ENTRIES SUPPLIED ->
────

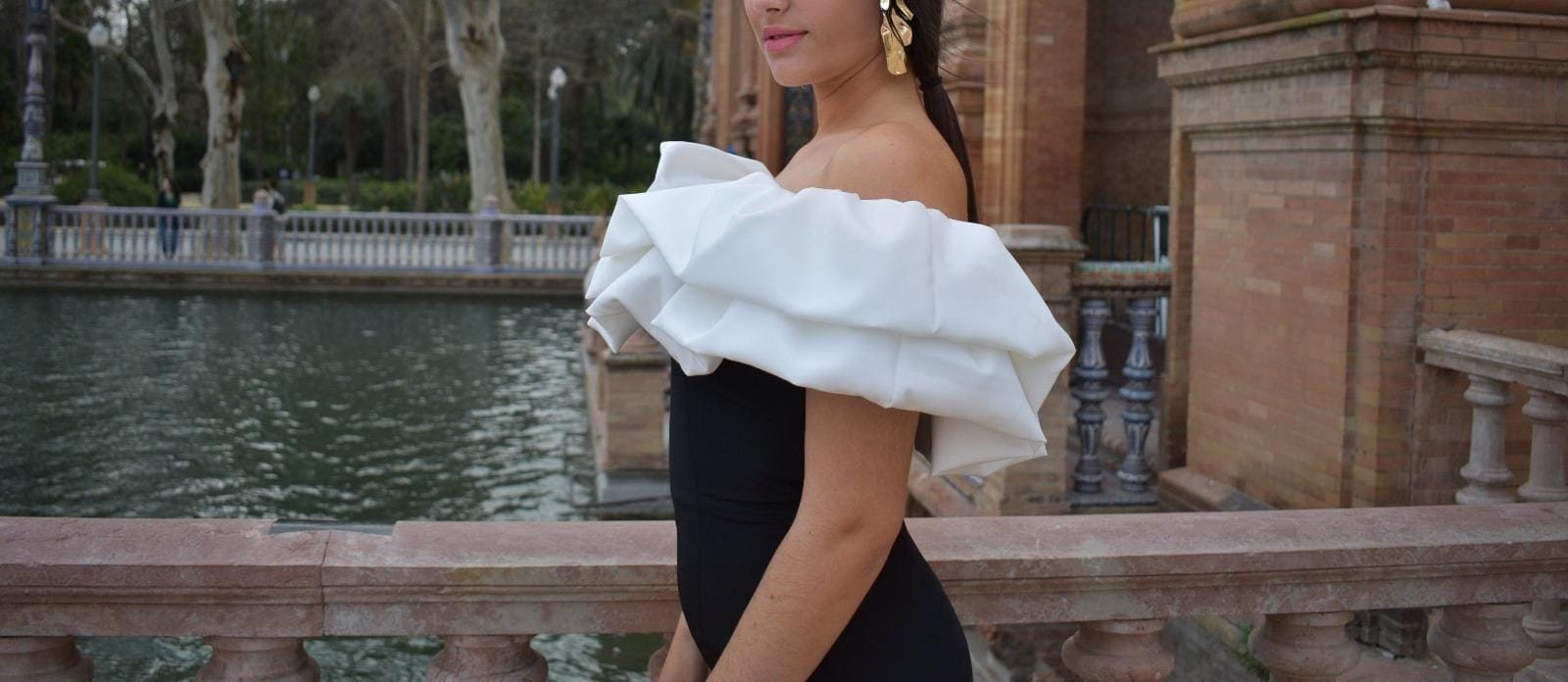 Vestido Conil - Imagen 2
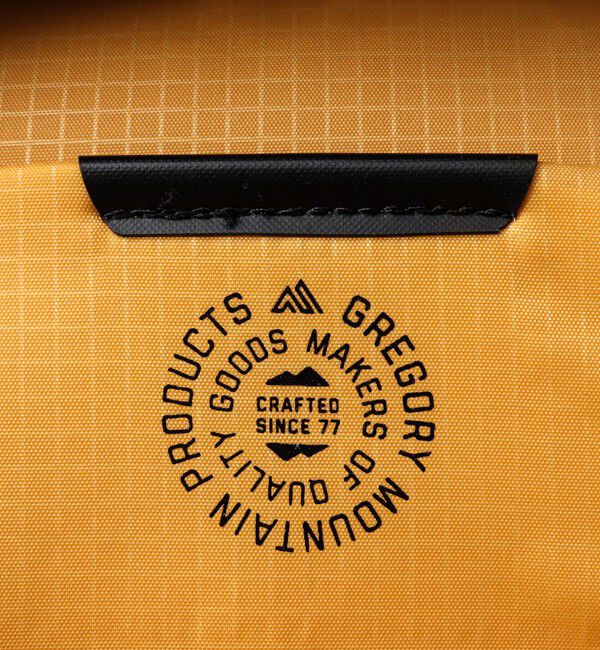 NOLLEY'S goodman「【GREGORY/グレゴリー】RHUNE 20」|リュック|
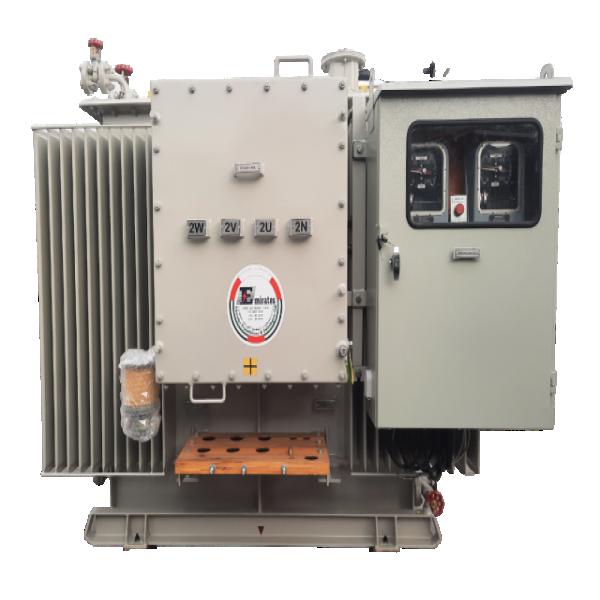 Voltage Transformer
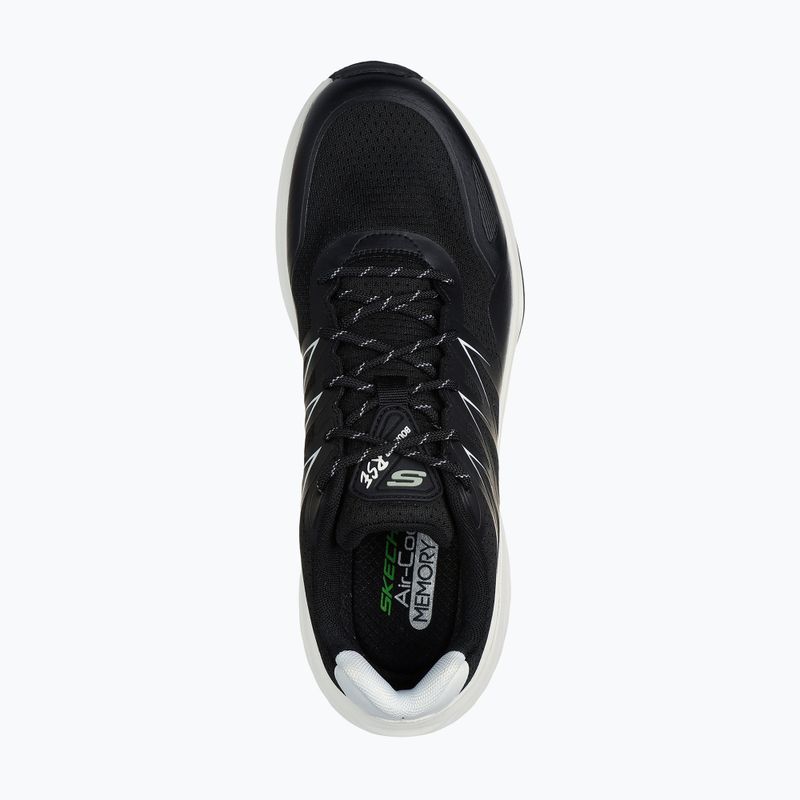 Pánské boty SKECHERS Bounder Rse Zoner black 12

────

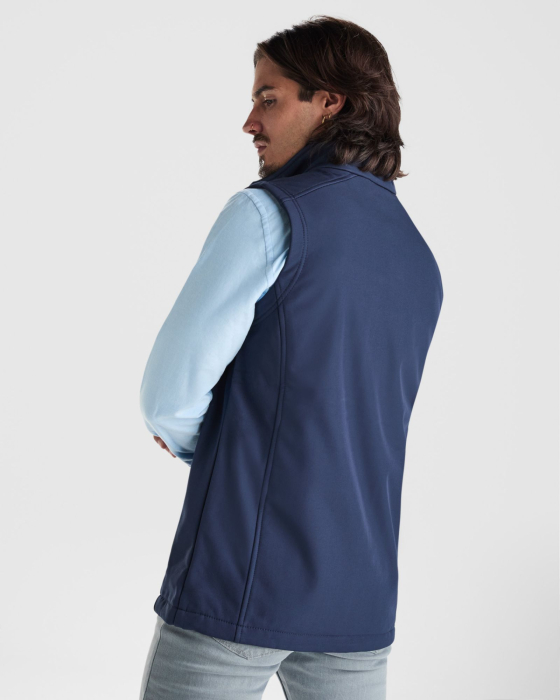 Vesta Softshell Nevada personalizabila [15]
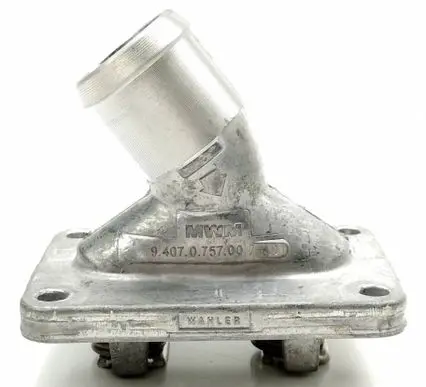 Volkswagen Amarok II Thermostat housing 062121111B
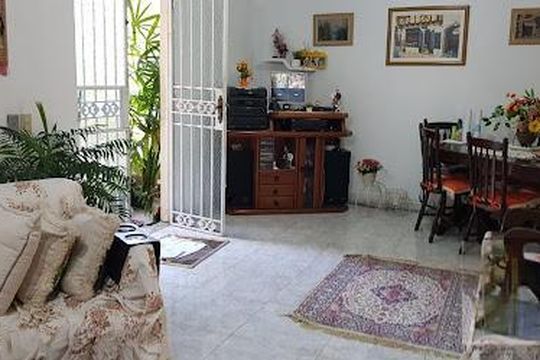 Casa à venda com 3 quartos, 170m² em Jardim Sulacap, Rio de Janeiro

────

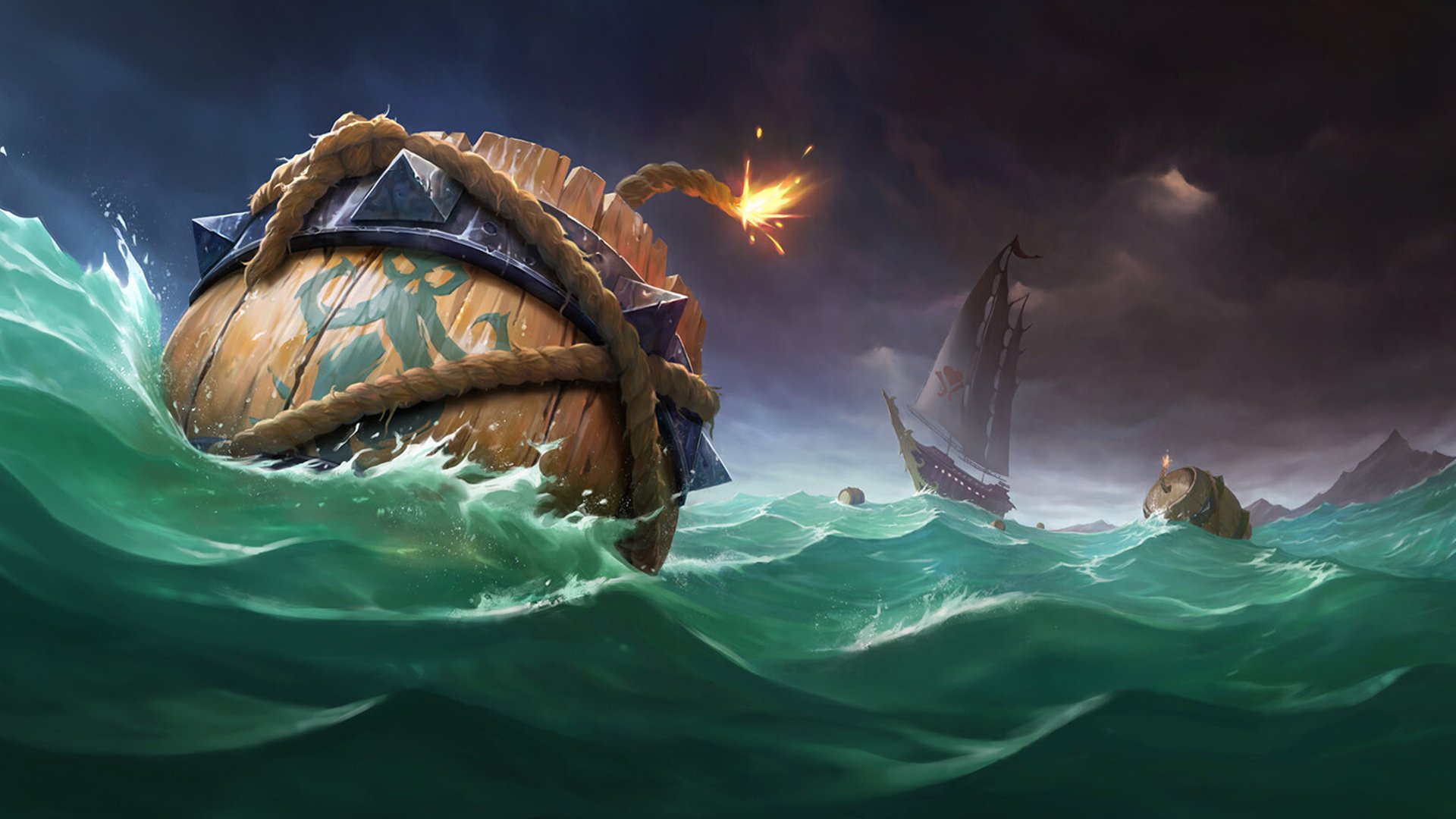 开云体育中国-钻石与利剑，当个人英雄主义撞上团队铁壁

────

PROBLEM -> The answer is those lines of the material above that run from the one containing "Vestido Conil - Imagen 2" up to and including the one containing "Pánské boty SKECHERS", restated exactly and without images.

ANSWER TO THE EXERCISE ->
 Vestido Conil - Imagen 2
 NOLLEY'S goodman「【GREGORY/グレゴリー】RHUNE 20」|リュック|
 Voltage Transformer
 Pánské boty SKECHERS Bounder Rse Zoner black 12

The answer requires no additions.